I suppose this post could be the sequel to "If You Teach a Girl to Fish." The guy pictured above wearing safety glasses and using a circular saw is my buddy Doug, literally the aider of damsels in distress (because that day when I called him, his response was, "Any time I have the opportunity to aid a damsel in distress, I'll take it").

Four years ago I bought a beautiful, custom built drafting table on craigslist.com. I'd been looking for just the right drafting table for years, and when I saw this one, I fell in love. I drove to Apple Valley, plunked down $200, and carted it away in my truck. The following winter I wrote The Dogs Who Saved Me while sitting at that table every afternoon. Problem was, though, it was just a few inches too tall, so I could never quite get comfortable sitting on a stool or standing up.

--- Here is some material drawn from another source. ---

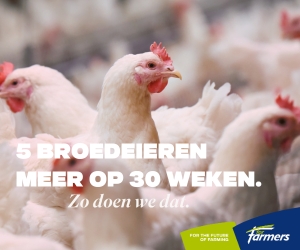 BRAVO ForFarmres 300x250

Two weeks ago when I had a new floor put in the family room, I called Doug and asked if he would come over and help me move furniture back in place so I could function in my house again. This prompted his damsel in distress response, and he appeared an hour or so later, helping me not only with the furniture but the TV and computer as well.

The drafting table had been moved to the patio during the flooring job, and when Doug asked if I wanted to bring it in, I explained my issue with the height and asked him if he thought it would be feasible to just chop a few inches off the legs. This time his response was "Get a taller stool."

In the end, though, he went home and returned with a saw, a router, a fancy ruler and some other fascinating stuff, and went to work.

I will confess here how envious I was as I watched him. When I mentioned something about the "boy skills" he possessed, he referenced his experience with Wood Shop in junior high, and that hurt just a little. I had asked counselors in both junior high and high school to put me in wood shop or auto shop classes but was told those were "all boy" classes. Times are different now, of course, and girls are certainly not discouraged from taking vocational education classes at the high school where I teach, and I'm glad for that. I love wood, and the idea of having both the skill and tools to build something lasting is a very compelling one to me. Alas, I'm relegated now to standing on the sidelines and watching.  Hmm. Perhaps a wood working class might be placed on the agenda as an activity after retirement.

Less than an hour after Doug began, we were carrying the drafting table back to its spot by the window in the family room. We set it down, and I shook it. Absolutely amazingly stable. No wobble. Ahhhh, the perfect workspace.

When I'm writing, I often do so with a notebook open and also the internet open as well, especially if I'm working on a blog post. (In this post already, I've double-checked my accuracy on "circular saw" and "router," and I grabbed the link to the previous post.) The drafting table gives me lots of space for all that plus room to stick a lamp and a few pencils and a cup of tea. And a cat, on occasion. I have illustrated some of this in the photo below (sans cat). A removable sheet of glass covers the surface of the table, so I can place things under it—such as the outline of the children's book series I'm currently working on.

Having the table just right is a small thing in the larger scheme of my life. But... workspace to a writer is much like a classroom is to a teacher; you kinda need a place for all your books and pencils and stuff.